Princess Margaretha of Sweden (Margaretha Sofia Lovisa Ingeborg; 25 June 1899 – 4 January 1977) was a member of the Swedish Royal Family by birth and the Danish Royal Family by marriage. She was the elder sister of Crown Princess Märtha of Norway and Queen Astrid of the Belgians.

Early life
Princess Margaretha was born on 25 June 1899 at her parents' summer residence, the Villa Parkudden, at Djurgården in Stockholm. The eldest child and daughter of Prince Carl, Duke of Västergötland, and Princess Ingeborg of Denmark, she was born Princess Margaretha of Sweden and Norway (later just "of Sweden", due to the dissolution of the union between Norway and Sweden in 1905).

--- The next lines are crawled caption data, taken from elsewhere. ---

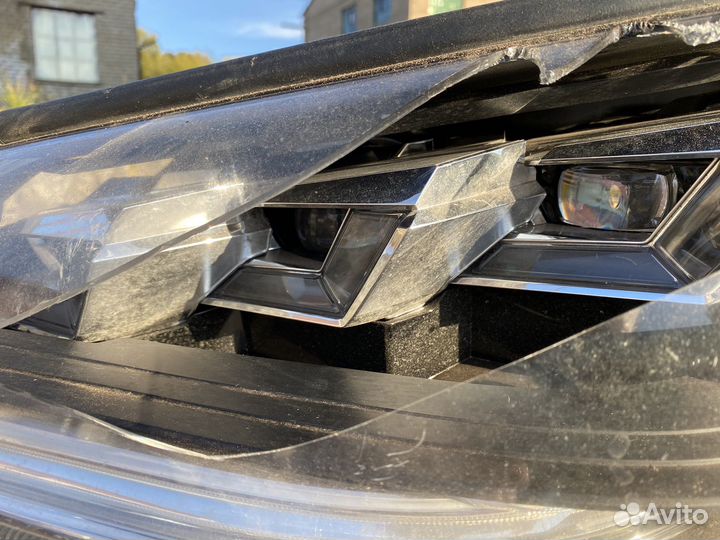 Фара левая lexus lx 570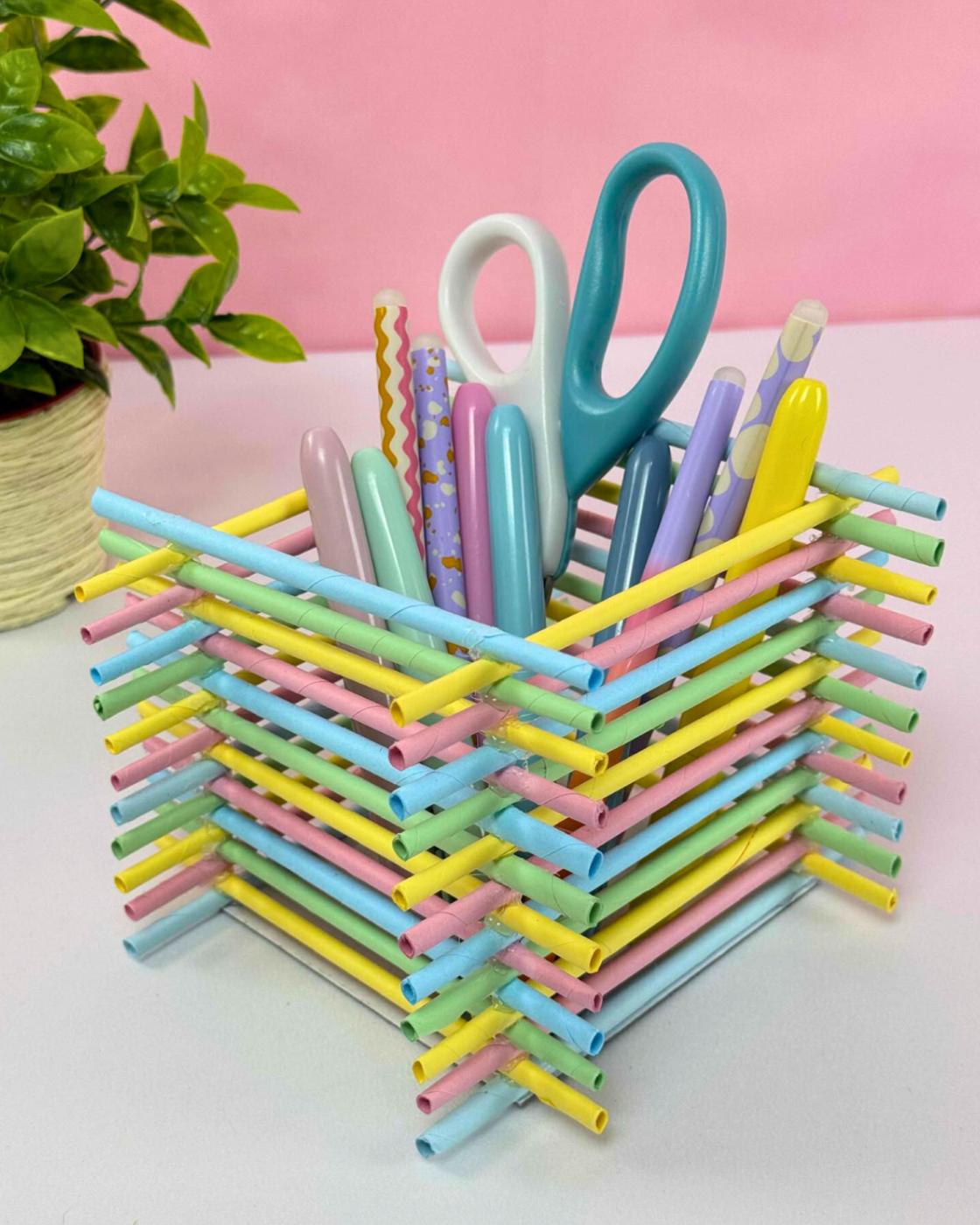 25 And Cheap Gift — 8. colored paper pen holder
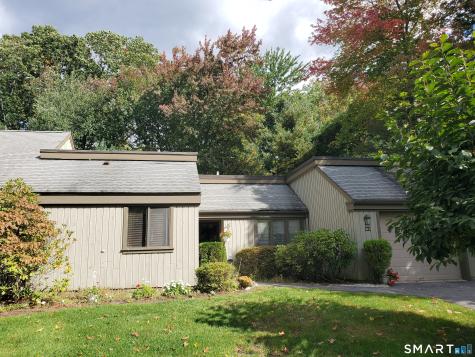 27 Heritage Crest Southbury CT 06488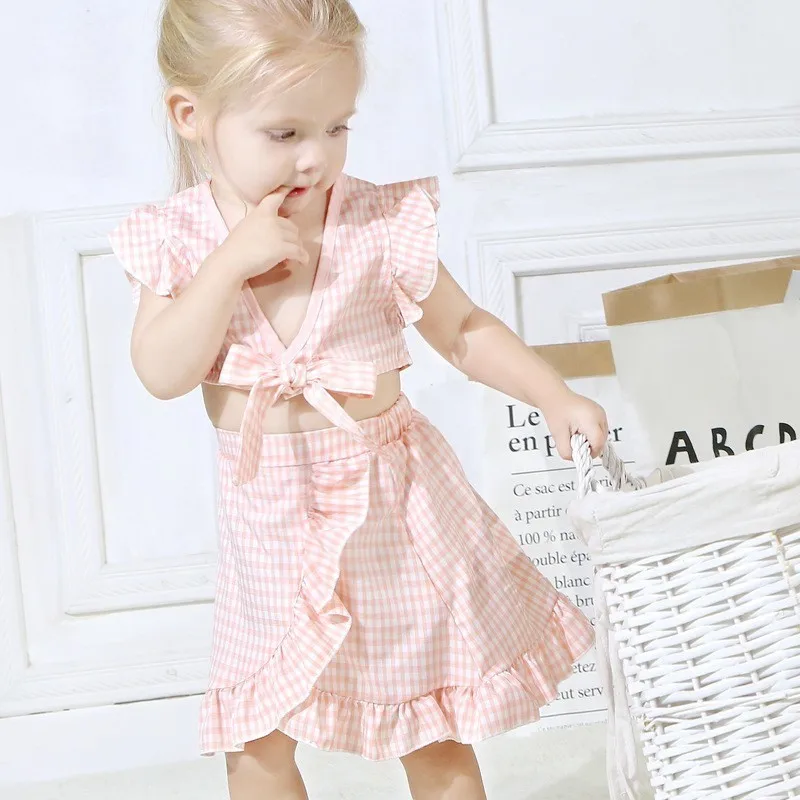 

Summer Girls Suit 2Pcs Bow Reveal Navel Flying Sleeve Top Irregular Short Skirt Baby Girl Uniform Princess Party Clothes Outfits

In 1916 Margaretha's confirmation attracted enthusiastic press coverage; the event was said to mark the beginning of a new age for the Swedish royal house, which had lacked princesses for so long.

Marriage and family

On 22 May 1919, at the Storkyrkan, Stockholm, she was married to Prince Axel of Denmark, her maternal first cousin once removed. The marriage was a love match; her mother remarked that the couple were so much in love that they could not be left alone in a furnished room. Her wedding was celebrated with great festivities in Stockholm.

They had two sons:
 Prince George Valdemar Carl Axel of Denmark (16 April 1920 – 20 September 1986); married Anne Bowes-Lyon, niece of Queen Elizabeth of the United Kingdom (née Lady Elizabeth Bowes-Lyon), on 16 September 1950. 
 Prince Flemming Valdemar Carl Axel (9 March 1922 – 19 June 2002); married Alice Ruth Nielson, daughter of Kai Nielson and Edith Fischer, on 24 May 1949. They have four children, ten grandchildren and four great-grandchildren.

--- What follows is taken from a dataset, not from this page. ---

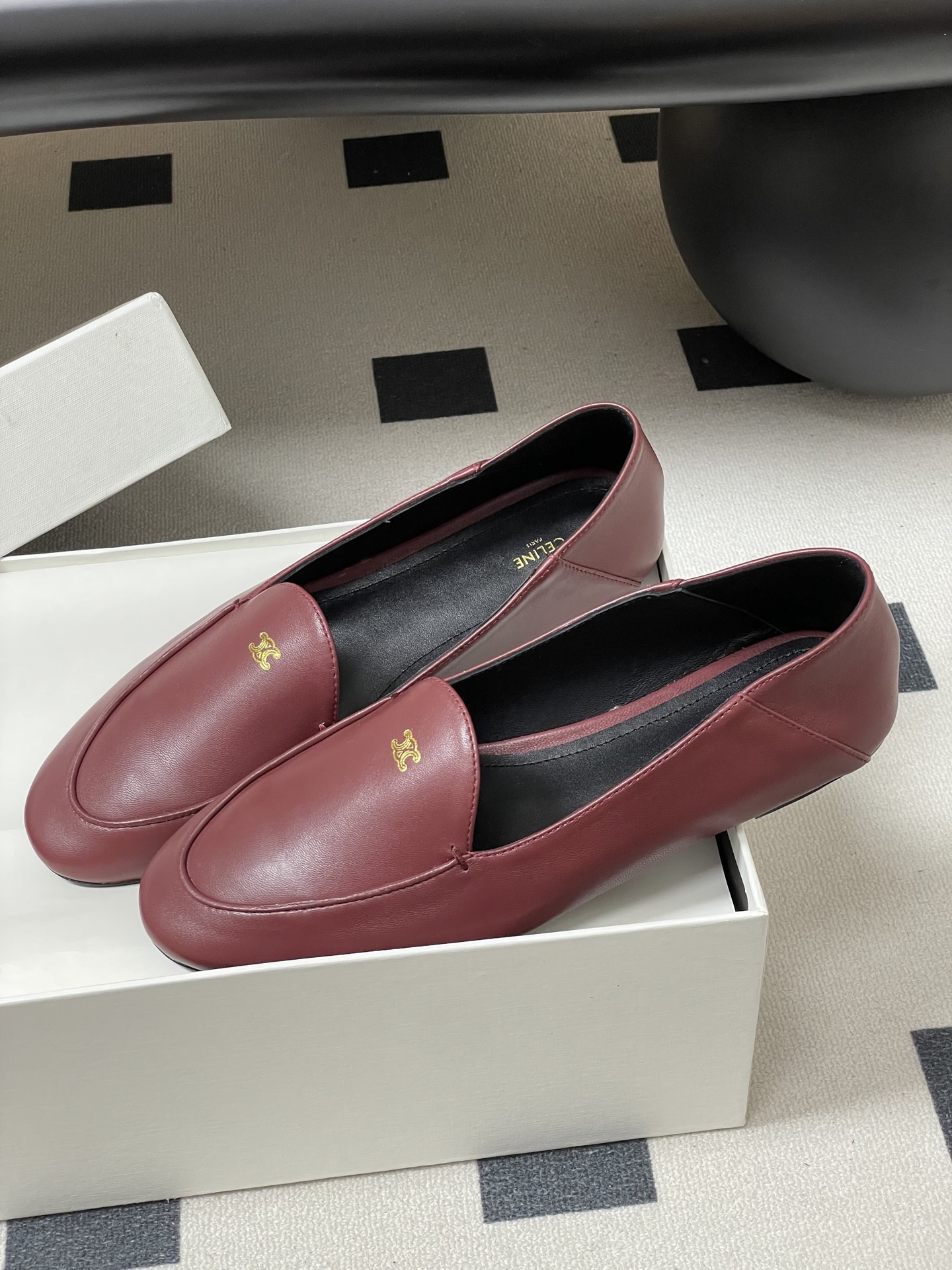 Лоферы женские в стиле Celine бордового цвета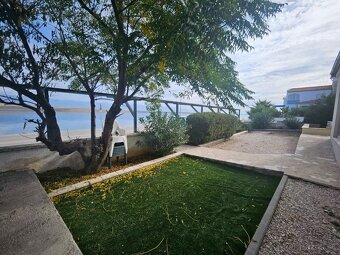 Chorvátsko, krásny jednoposchodový dom, prvý rad pri mori. - 6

She was a maternal aunt of King Harald V of Norway and Kings Baudouin and Albert II of Belgium; and grandaunt of King Philippe of Belgium and Grand Duke Henri of Luxembourg.

Activities 
Margaretha adjusted herself well in Denmark, which she had often visited on family occasions during her upbringing. She lived a private life devoted to her family on the estate Bernstorffshøj in Gentofte and generally avoided publicity, and kept in close contact with her relations abroad. She was interested in social issues in Sweden, and became the patron of several charity organisations in Denmark, and was the chairperson of Gentofte Børnevenner.

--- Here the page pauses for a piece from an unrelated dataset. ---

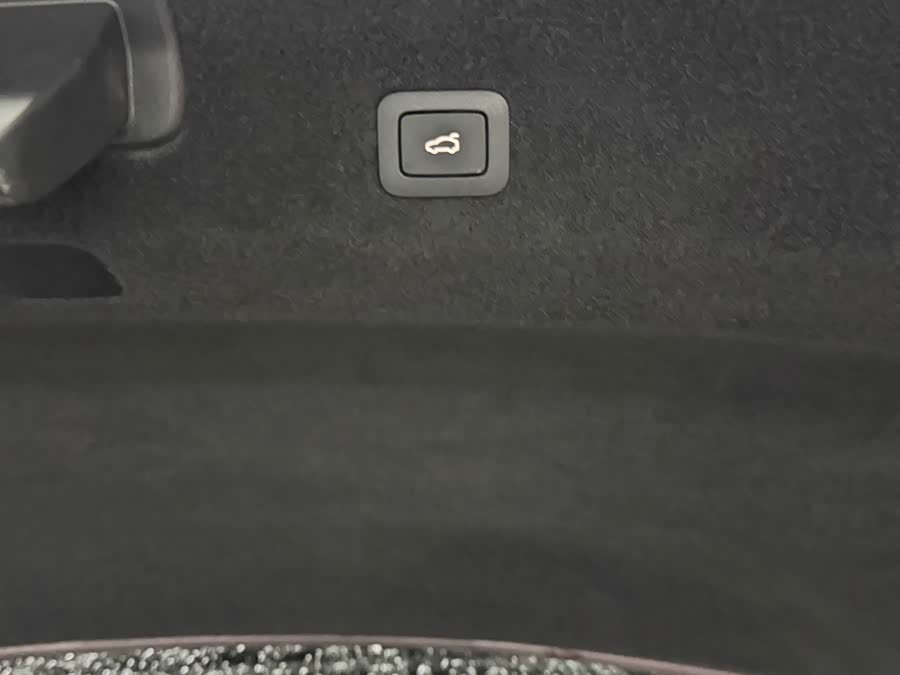 Xiaomi SU7 2024 Rear Drive Standard Founder Edition - zdjęcie 6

She was a leading guest at the 1947 wedding of Princess Elizabeth and Philip, Duke of Edinburgh.

After the death of her sister Queen Astrid of Belgium in 1935, she became a great support for her sister's children in Belgium. Also after the death of her other sister, the Norwegian Crown Princess Märtha in 1954, she became a great support for her sister's children in Norway; she was the godmother of princess Märtha Louise of Norway.

Her spouse died in 1964. As a widow, she was often back in Sweden, where she would join other members of the Swedish royal house in representative duties at official ceremonies — most notably, the Nobel Prize. To her family, she was affectionately known as "Tante Ta" ("Aunt Ta").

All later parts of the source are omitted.